W ostatnią niedzielę w godzinach wieczornych na stacji W-wa Wschodnia doszło do incydentu.
Mechanik (zarazem instruktor) z Odry (6107) przed zjazdem na olszynkę na semaforze przy peronie czwartym otrzymał sygnał S10 gdzie powinien otrzymać sygnał S13, bo przednim pociąg TLK (61101) po minięciu tarczy 11G (na schemacie stacji podpisany jako 116 -->
http://wolf.iiar.pwr.wroc.pl/adi/wiki/images/f/ff/Warszawa_Wschodnia.jpg) pozostawił tylko jeden odstęp wolny.

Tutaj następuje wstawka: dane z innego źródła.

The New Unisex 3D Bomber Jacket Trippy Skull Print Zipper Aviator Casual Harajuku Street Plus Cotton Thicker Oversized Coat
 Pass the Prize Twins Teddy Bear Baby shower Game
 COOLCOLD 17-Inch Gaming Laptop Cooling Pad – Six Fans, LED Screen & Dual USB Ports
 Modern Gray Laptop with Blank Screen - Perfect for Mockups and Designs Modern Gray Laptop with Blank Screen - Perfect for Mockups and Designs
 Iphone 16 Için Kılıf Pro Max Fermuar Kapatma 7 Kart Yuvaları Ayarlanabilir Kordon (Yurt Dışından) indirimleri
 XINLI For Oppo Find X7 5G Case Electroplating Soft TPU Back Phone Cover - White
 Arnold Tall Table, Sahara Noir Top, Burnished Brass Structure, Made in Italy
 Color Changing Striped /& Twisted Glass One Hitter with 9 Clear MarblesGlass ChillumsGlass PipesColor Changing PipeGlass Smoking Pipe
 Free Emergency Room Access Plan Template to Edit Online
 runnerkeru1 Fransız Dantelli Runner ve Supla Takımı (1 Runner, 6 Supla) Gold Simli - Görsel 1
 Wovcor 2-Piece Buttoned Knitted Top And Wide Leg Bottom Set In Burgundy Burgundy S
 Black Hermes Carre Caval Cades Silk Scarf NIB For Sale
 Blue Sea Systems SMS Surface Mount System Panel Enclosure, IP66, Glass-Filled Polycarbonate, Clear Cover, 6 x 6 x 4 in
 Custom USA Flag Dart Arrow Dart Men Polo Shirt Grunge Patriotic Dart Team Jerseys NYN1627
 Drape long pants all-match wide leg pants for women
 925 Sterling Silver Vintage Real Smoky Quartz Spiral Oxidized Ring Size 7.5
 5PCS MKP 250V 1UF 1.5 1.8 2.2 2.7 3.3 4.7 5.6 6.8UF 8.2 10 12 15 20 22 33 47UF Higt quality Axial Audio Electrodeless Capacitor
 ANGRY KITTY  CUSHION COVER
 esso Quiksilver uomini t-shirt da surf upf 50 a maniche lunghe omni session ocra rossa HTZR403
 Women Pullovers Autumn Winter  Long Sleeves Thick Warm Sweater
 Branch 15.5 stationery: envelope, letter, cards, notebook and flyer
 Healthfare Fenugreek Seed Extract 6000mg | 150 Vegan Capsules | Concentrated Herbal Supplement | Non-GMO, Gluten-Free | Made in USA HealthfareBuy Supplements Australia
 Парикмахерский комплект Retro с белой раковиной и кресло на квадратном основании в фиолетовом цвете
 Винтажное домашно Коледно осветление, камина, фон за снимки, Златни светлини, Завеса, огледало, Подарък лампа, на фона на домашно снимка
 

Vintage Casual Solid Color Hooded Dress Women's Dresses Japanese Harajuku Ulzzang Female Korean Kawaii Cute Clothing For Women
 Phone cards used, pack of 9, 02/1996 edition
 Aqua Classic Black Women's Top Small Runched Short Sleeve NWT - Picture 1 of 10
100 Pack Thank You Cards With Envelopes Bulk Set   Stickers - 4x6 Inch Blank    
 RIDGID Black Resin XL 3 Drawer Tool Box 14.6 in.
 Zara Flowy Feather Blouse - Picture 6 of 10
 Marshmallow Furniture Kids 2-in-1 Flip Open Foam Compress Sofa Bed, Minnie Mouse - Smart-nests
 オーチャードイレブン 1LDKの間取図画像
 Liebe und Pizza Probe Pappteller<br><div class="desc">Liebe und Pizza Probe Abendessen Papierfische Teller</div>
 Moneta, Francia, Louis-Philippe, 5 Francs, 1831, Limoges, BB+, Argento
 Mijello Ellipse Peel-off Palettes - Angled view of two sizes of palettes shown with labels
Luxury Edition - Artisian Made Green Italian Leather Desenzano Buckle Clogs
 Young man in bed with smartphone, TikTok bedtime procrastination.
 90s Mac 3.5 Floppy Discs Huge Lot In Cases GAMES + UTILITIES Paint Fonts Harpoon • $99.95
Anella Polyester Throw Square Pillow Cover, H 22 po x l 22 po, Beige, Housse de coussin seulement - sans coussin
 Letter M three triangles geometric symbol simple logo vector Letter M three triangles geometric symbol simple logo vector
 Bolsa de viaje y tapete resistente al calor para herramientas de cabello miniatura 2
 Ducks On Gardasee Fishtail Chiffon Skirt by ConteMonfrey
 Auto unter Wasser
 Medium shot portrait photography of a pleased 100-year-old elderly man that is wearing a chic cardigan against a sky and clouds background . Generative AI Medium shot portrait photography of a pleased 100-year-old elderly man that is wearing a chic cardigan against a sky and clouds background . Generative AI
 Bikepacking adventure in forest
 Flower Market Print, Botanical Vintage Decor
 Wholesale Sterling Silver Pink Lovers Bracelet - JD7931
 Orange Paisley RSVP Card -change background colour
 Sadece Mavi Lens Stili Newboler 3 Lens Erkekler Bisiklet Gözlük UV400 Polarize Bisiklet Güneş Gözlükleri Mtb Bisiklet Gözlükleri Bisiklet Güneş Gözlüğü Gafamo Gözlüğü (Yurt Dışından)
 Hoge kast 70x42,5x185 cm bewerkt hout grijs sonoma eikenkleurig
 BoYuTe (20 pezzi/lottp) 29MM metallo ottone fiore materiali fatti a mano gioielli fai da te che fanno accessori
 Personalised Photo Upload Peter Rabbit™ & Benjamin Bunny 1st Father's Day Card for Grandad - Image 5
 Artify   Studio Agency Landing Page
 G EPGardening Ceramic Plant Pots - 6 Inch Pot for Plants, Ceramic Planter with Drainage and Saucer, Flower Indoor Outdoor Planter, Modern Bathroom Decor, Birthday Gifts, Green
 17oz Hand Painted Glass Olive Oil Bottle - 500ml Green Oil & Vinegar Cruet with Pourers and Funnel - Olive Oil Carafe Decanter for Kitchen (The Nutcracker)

Mechanik-instruktor poprosił o zatrzymanie się pociągu TLK i próbował domagać się komisji do zabezpieczenia materiału fotograficznego (Miejsca zatrzymania pociągów, sygnałów na semaforach, obraz z utwierdzenia i zajętości przebiegu na pulpicie kostkowym w nastawni).
Dyżurna próbowała "zlać" sprawę, aby TLK i Odra zjechały na grochów, aby nie sparaliżować ruchu na stacji, i aby po zjeździe mechanik napisał raport, a ona w tenże czas wezwie monterów.
Instruktor próbował być nieustępliwy, domagał się:
- "S" na unieważnienie SBL (wprowadzenie zapowiadania telefonicznego).
- sprowadzenie na miejsce ISEZa i komisję.
Czy odbyła się komisja - nie wiem, do drugiej nie będę kwitł w peronach (na co czekałem to z opóźnieniem ale się doczekałem) przy założeniu że może się wszyscy "święci" zjadą i się zmyłem do domu. Przez cały następny dzień wszystkie zjazdy na grochów po 1G odbywały się na telefonicznym.
Następnego dnia na innych stacjach w obrębie warszawskiego węzła kolejowego zaobserwowałem pospolite ruszenie monterów.